Positive and negative comments and saying “good job”
Positive and negative comments. One intrigues, while the other makes for sweaty palms.
Something I’ve done for a couple of years now is telling the server at a restaurant “good job" when wrapping up the meal if he or she did good work. Most people are not comfortable with being told or telling someone good job. We aren't used to it. And even making that comment can get some curious glances.
The Harvard Business Review studied the effects of positive and negative criticism. They found the ideal ratio of positive to negative feedback hovered around five. Dr. Gottman of the Gottman Institute found the same in his study of hundreds of married couples.
That means five positive criticisms to every one negative criticism!
One look at comments online or in the typical workplace and you know that's not the usual ratio.

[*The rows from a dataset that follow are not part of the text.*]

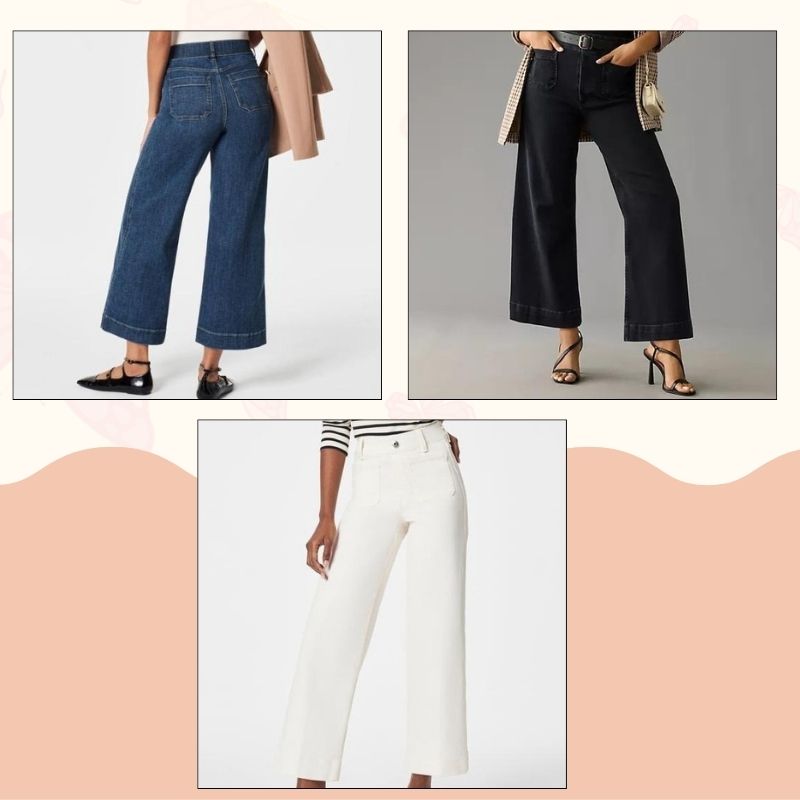 🔥Last Day 50% OFF🔥Tummy Control Cropped Wide-Leg Jeans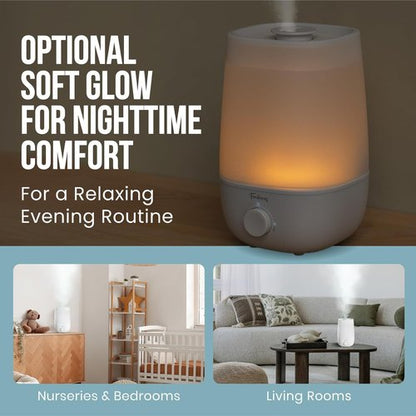Fontaines Luxury Cool Mist Humidifier - 360° Ultra-Fine Spray, Whisper-Quiet, Easy to Clean, Auto Shut-Off, Nightlight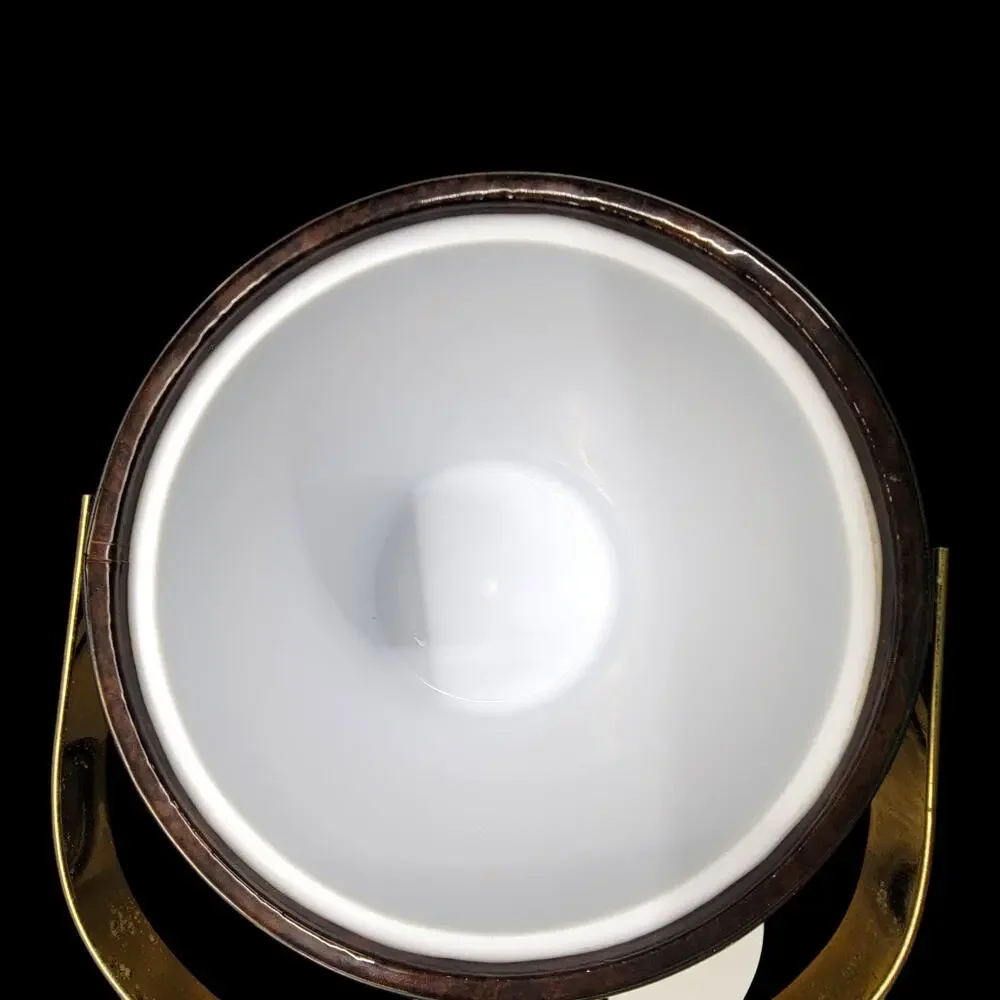 Vintage Mid Century Ice Bucket Brass Handle Faux Tortoiseshell Barware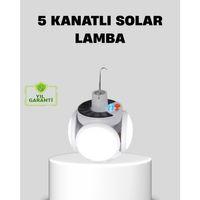 Solar Güneş Enerjili Ve Usb Şarjlı 5 Kanatlı Led Kamp Lambası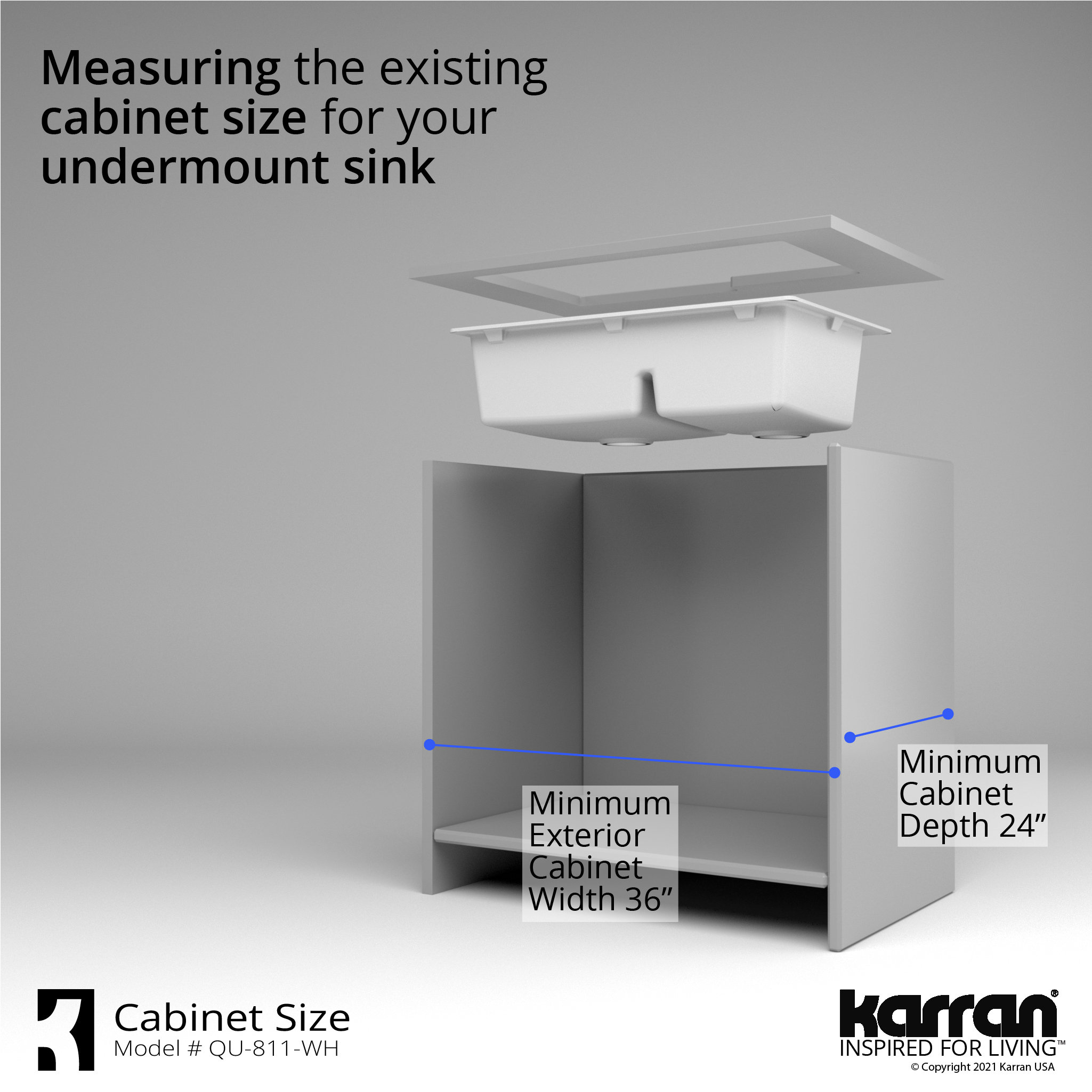 Karran 32" Undermount Large/Small Bowl Quartz Kitchen Sink, White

It's easy to give someone negative criticism, pointing out where he or she comes up short and where to improve.
One way to offer positive criticism is appreciation, something I've talked about and continue to be drawn to the applications in everyday life.
To revisit: Appreciation = empathy * information * action
Intentional and outward appreciation fosters healthy relationships and puts both parties at ease.
It helps to reach that 5:1 ratio, and true appreciation counters negative criticisms that are so easy to latch onto.
Heaps of praise can be undone by one complaint or outspoken unsatisfied customer.
Waiters and waitresses are undervalued and under-appreciated. Certainly not a position that hits the magical 5:1 ratio. A simple “good job” usually brings a smile to the server’s face, shows recognition of their work, and even boosts my mood. It combines empathy to understand that the work can be a struggle, information to know what to appreciate, and an action to offer the comment.
This week's call to action: try to notice small moments of positivity and create more positive interactions in your day. Do you contribute to building an environment that has a 5:1 ratio of positive to negative comments/criticisms?